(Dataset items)
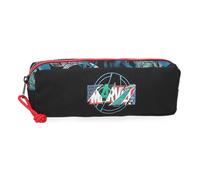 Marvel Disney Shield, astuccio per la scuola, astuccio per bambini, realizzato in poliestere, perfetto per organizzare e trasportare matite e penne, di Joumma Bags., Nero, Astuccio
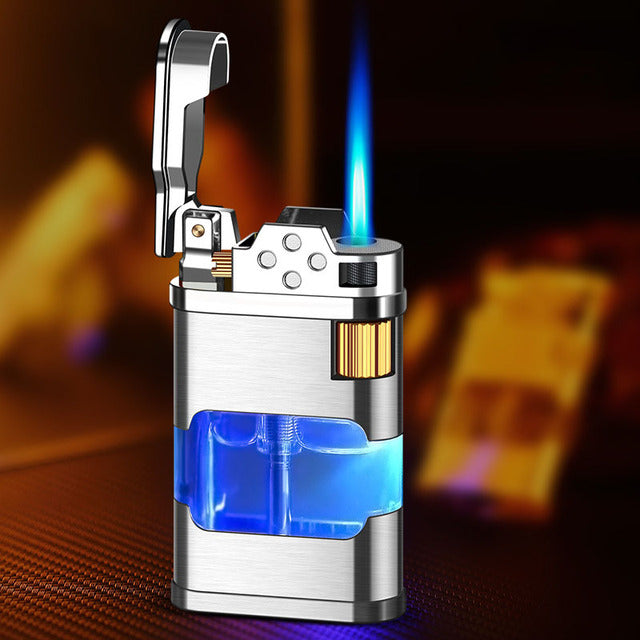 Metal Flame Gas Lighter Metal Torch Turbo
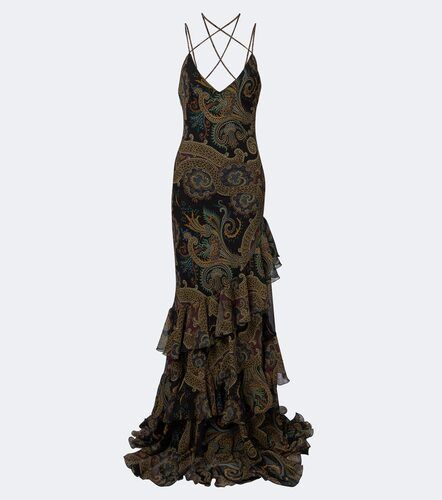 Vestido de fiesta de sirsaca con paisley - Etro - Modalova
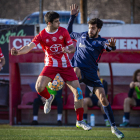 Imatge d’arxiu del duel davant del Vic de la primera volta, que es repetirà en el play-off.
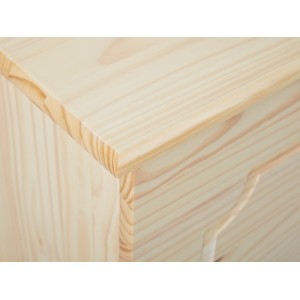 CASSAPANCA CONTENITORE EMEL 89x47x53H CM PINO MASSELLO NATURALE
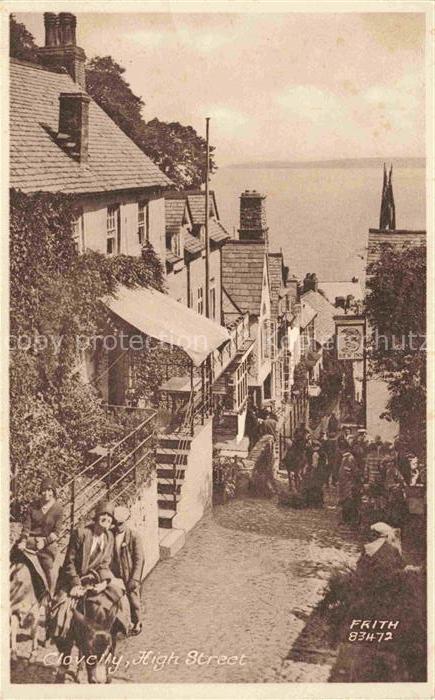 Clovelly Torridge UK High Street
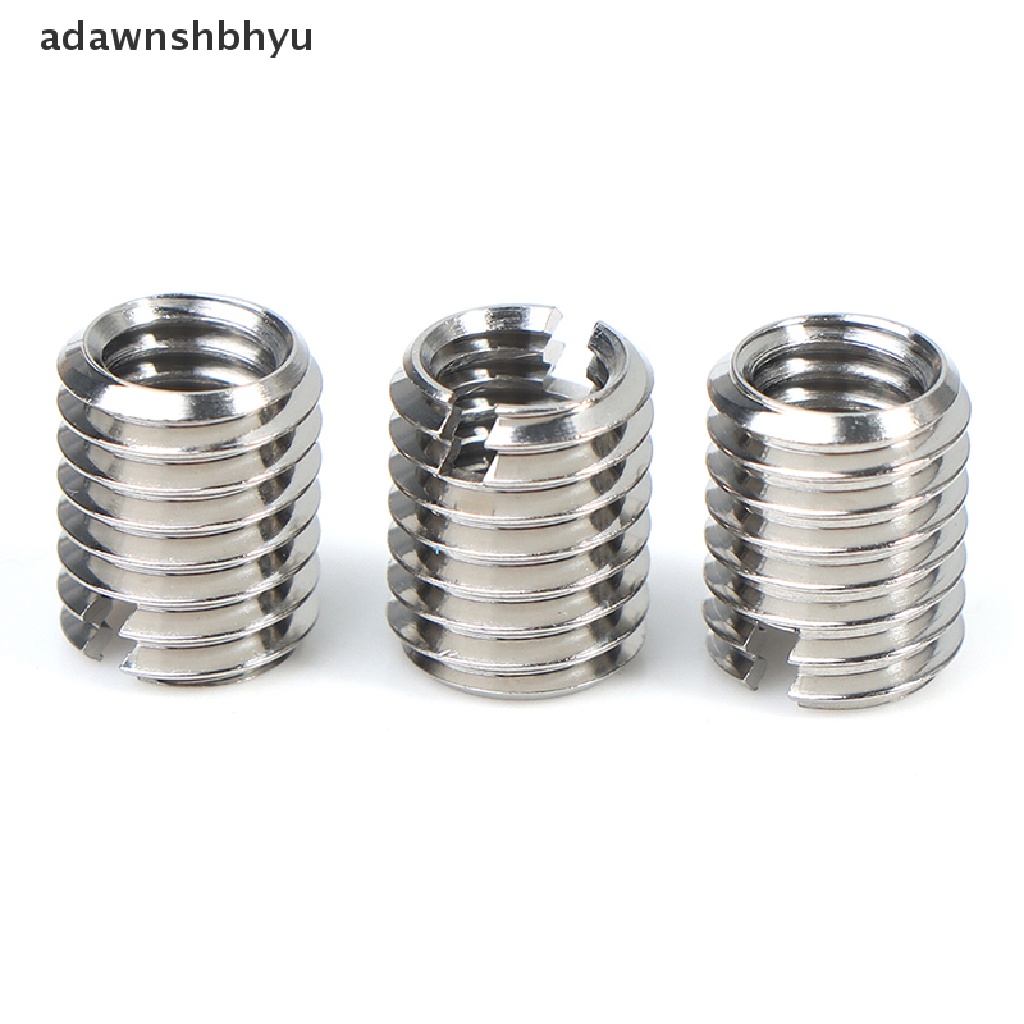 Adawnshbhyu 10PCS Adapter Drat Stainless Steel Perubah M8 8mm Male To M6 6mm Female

__Task goal__
Retype only the lines from the line with "Clovelly Torridge UK High Street" through the last line of the data. Keep both ends and skip the pictures.

__Solution below__
 Clovelly Torridge UK High Street
 Adawnshbhyu 10PCS Adapter Drat Stainless Steel Perubah M8 8mm Male To M6 6mm Female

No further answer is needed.